Dritte Staffel: Netflix und das ewige Haus des Geldes
Der enorme Erflog der spanische TV-Serie Haus des Geldes war für Zuschauer und Macher eine Überraschung. Nun versucht Netflix, ihn zu wiederholen – leider wortwörtlich. Vorsicht: Spoiler!
Sie selbst sehen sich als moderne Robin-Hoods: Exakt dem genialen Plan des scheinbar allwissenden Professors folgend überfallen Kriminelle in roten Ganzkörperanzügen und Dalí-Masken das Staatseigentum. Die Polizei ist hilflos und wird in den Telefonaten mit dem Professor, der sich tatsächlich gar nicht am Ort des Geschehens befindet, hinters Licht geführt. Immer wieder kommt es dabei zu Zwischenfällen, die Einbrecher müssen zum Beispiel eine Notoperation an einem Crew-Mitglied durchführen. Und eine präparierte Abhörwanze wird eingeschleust, die aber durch die Verbrecher schnell entdeckt wird.
Klingt wie die ersten beiden Staffeln der Erfolgsserie Haus des Geldes? Es scheint so, als sei das Drehbuch für die dritte Staffel in großen Teilen dreist kopiert worden. Und sogar der eigentlich tote Berlin findet wieder seinen Platz: in den ständigen Rückblenden.
Haus des Geldes: Das Ende, das keines ist
Viel wurde im Vorfeld gerätselt. Nachdem der spanische Fernsehsender Antena 3 wohl keine weitere Staffel vorsah, legte Streaminganbieter Netflix sein Veto ein. Und setzte kurzerhand die bereits erworbene Serie in Eigenregie fort. An sich verständlich, war das Meisterwerk um den Professor und seine Bande doch völlig unverhofft zu einem Kassenschlager im Streaming-Angebot geworden.
Dass die Handlung der eigentlichen Serienschöpfer eigentlich abgeschlossen und zu Ende erzählt war, sorgte aber von Anfang an für Spekulationen unter den Fans. Könnte das Leben der ja jetzt schwer reichen Diebe zum Thema werden? Oder geben sie, wie der in der Serie zitierte Robin Hood, ihre Beute an die Öffentlichkeit ab? Ohne zu viel zu verraten, kann man sagen, dass beides irgendwie schon passiert. Eine wirklich große Rolle spielt das aber nicht.
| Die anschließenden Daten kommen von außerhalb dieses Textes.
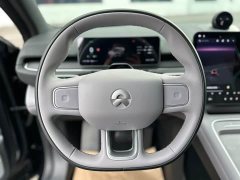 NIO EC6 75kWh - ფოტო 15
Dafür wird Río in einem geheimen Regierungsgefängnis irgendwo im Ausland gefoltert. Die Lösung: Der Überfall auf die Bank von Spanien. Mit den dort lagernden Goldreserven möchte man den Staat dazu zwingen, ihn frei zu lassen. Schnell werden aus den ehemaligen Räubern aufständische in einem gewaltbereiten Unterdrückungsstaat. Und ja, die Serie spielt nach wie vor im eigentlich äußerst zivilisierten Spanien.
Was in der letzten Folge geschah…
Um die Fortsetzung rund in die Handlung einzubauen, musste man logischerweise recht weit ausholen. Das tut die Serie auch. Und kanzelt dann alles, was zwischen dem Ende des alten und dem Beginn des neuen Überfalls liegt in den knapp 50 Minuten der ersten Folge ab. Die aufwendige Zuteilung der Verstecke und Geheimidentitäten, der erneut äußerst durchdachte Plan des Professors, die Verteilung der Beute, die Liebesgeschichte zwischen Río und Tokio, die Gefangennahme von Río – das sind nur einige der wichtigen Handlungsschritte in besagter Folge.
Das Resultat: All diesen eigentlich eindrucksvollen Handlungssträngen fehlt völlig die erzählerische Tiefe. Sie werden einfach genannt und gezeigt – stumpf nach dem Motto: „Was bisher geschah“.
Das alles heißt sicher nicht, dass die dritte Staffel von Haus des Geldes keines Blickes würdig ist. Über ein handwerklich solides Heist-Movie geht die Produktion aber nicht hinaus. Aus einer heldenhaften Geschichte über nur im Sinne des Gesetzes kriminelle Weltverbesserer, die einen Weg gefunden haben, Geld zu erbeuten ohne jemandem damit ernsthaft zu schaden hat Netflix in meinen Augen eine Action-Serie mit lauter Explosionen und Spannung, aber ohne starke Charaktere oder neue Gedanken gemacht.